The centerpiece of Pink Triangle Park is an arrangement of 15 sierra-white granite pylons each inlaid with a pink triangle made of quartz. The word ‘pylon’ originates as a massive Egyptian monument that acts as a gateway to a spiritual temple. Each pylon joins with others to form a larger triangle on the groundswell. Its base is oriented toward Harvey Milk Plaza, designed by AIA winner, Howard Grant, and the iconic rainbow flag created by Gilbert Baker. Both are gay men. The artists behind PTP are Robert Bruce and Susan Martin. Here is what they say about the creative challenge.
“First we had to decide we wanted to work together. Two strangers brought together by a friend. We agreed to meet, to share tea and crackers. We talked about sculpture, the Vietnam War memorial, and gardens. Specifically, Claude Monet’s garden at Giverny and the beautiful green stakes used to support the plants.
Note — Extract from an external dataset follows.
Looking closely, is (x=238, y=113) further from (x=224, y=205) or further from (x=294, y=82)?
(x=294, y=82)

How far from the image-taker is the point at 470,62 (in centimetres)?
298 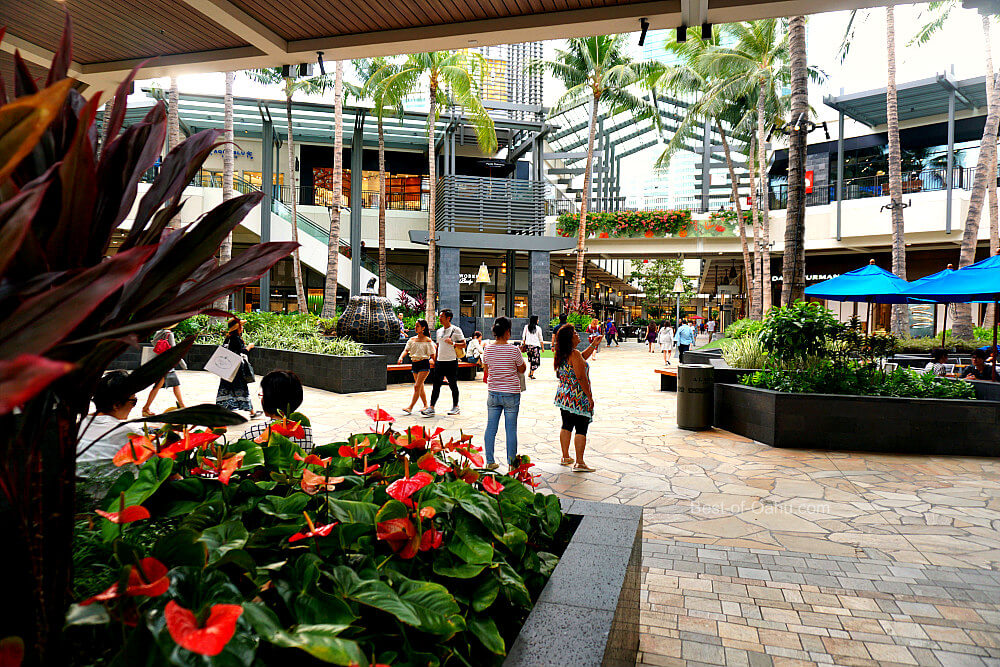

We talked about the philosophical premise of the one and the many, site-specific sculpture, collaborating, controversy, neighborhood, community.
We knew the Nazis imprisoned and killed gays and lesbians: 5,000-15,000 people. We wanted to express the loss abstractly rather than figuratively. We learned that the United Nations was formed in San Francisco, and that without the UN we might not have a Universal Declaration of Human Rights. We wanted the sculpture to be contemplative. We wanted to mourn the dead (past), to celebrate the living (present), and to hope for those to come (future).
When we started we didn’t know exactly what the memorial would look like. We did not know it would be granite or how exactly the individual elements would sit on the site in relationship to each other. We did not know how tall they would be. We did not know how they would be installed. We talked, we listened, we learned.
It has always seemed very difficult to express anything about living and dying with a single object. Perhaps this is because none of us would be here without the collaboration between at least two people. The simple definition of collaboration is to work with others. We hope visitors to Pink Triangle Park and Memorial will:
• Respect each other as this sculpture respects the site.
• Contemplate the softness of the plants and the firmness of the granite.
• Locate the softness and the firmness within themselves.
• Remember that gay men wore pink triangles, lesbians wore black triangles, gypsies wore brown triangles, Poles wore blue triangles, social democrats and other political prisoners wore red triangles, and Jews wore yellow stars.
• Think about how persecution of any individual or single group of people damages all humanity.”